## RECORDED INFORMATION
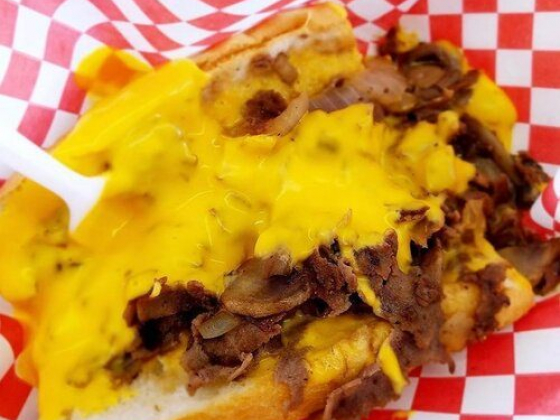 POP'S Philly Steaks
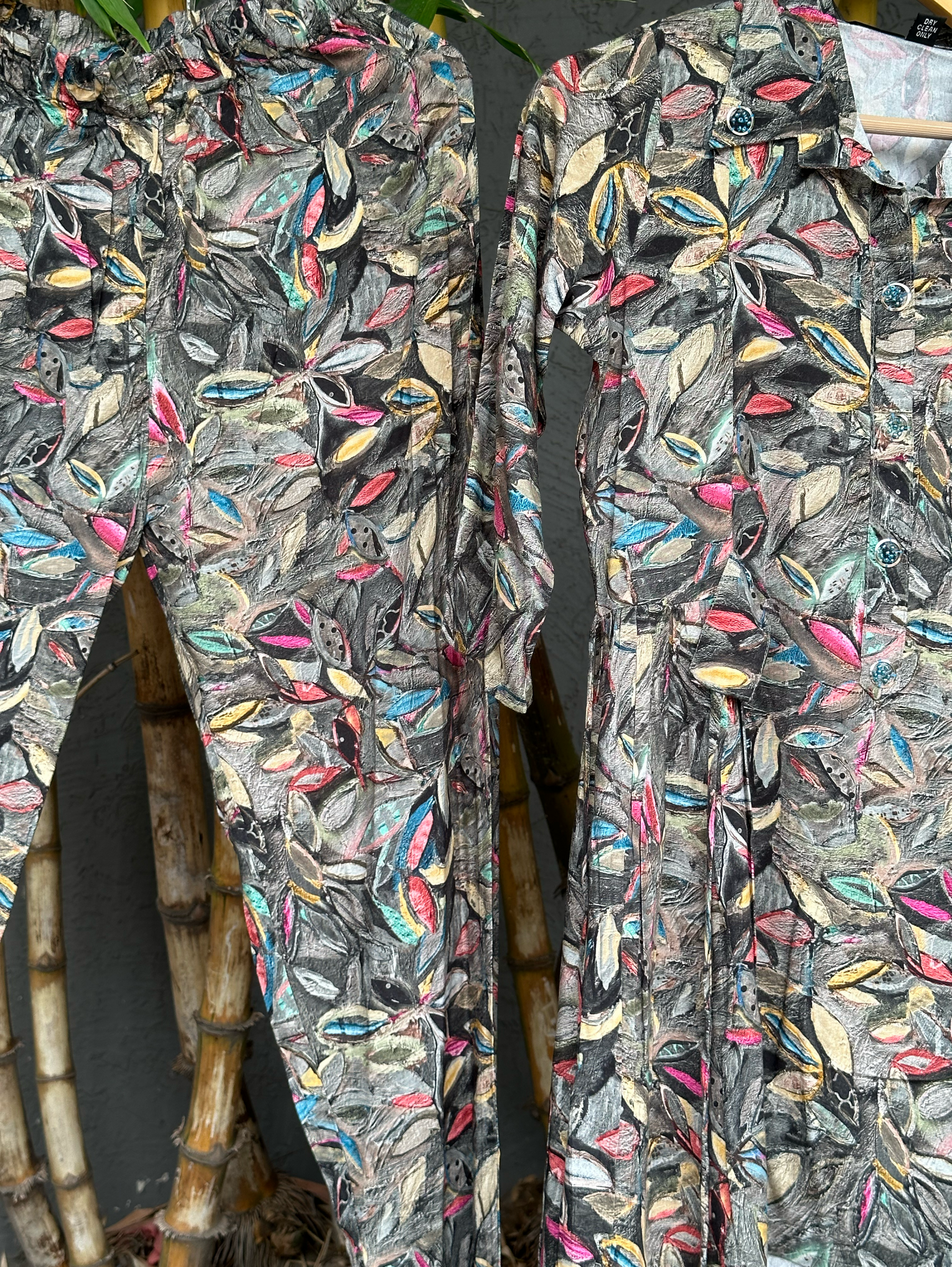 Rayon with Work Coords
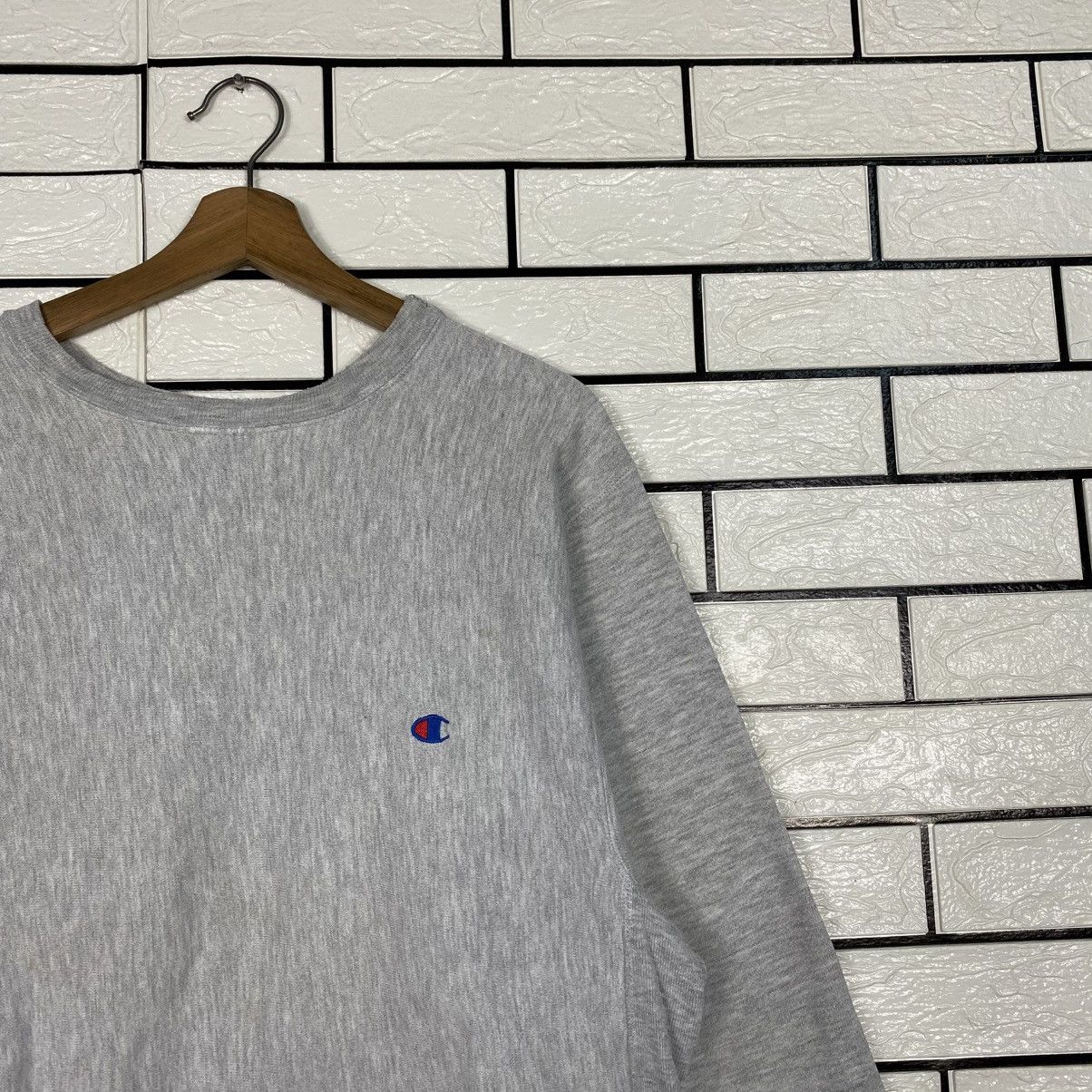 Champion 📌Vintage Sweatshirt crewneck Champion Reverse Weave Usa Size US M / EU 48-50 / 2 - 7 Thumbnail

## ACTIVITY
The copy should hold exactly the lines from the line containing "Rayon with Work Coords" through the end of the data, both ends included, and no pictures.

## ANSWER FOR THIS EXERCISE
 Rayon with Work Coords
 Champion 📌Vintage Sweatshirt crewneck Champion Reverse Weave Usa Size US M / EU 48-50 / 2 - 7 Thumbnail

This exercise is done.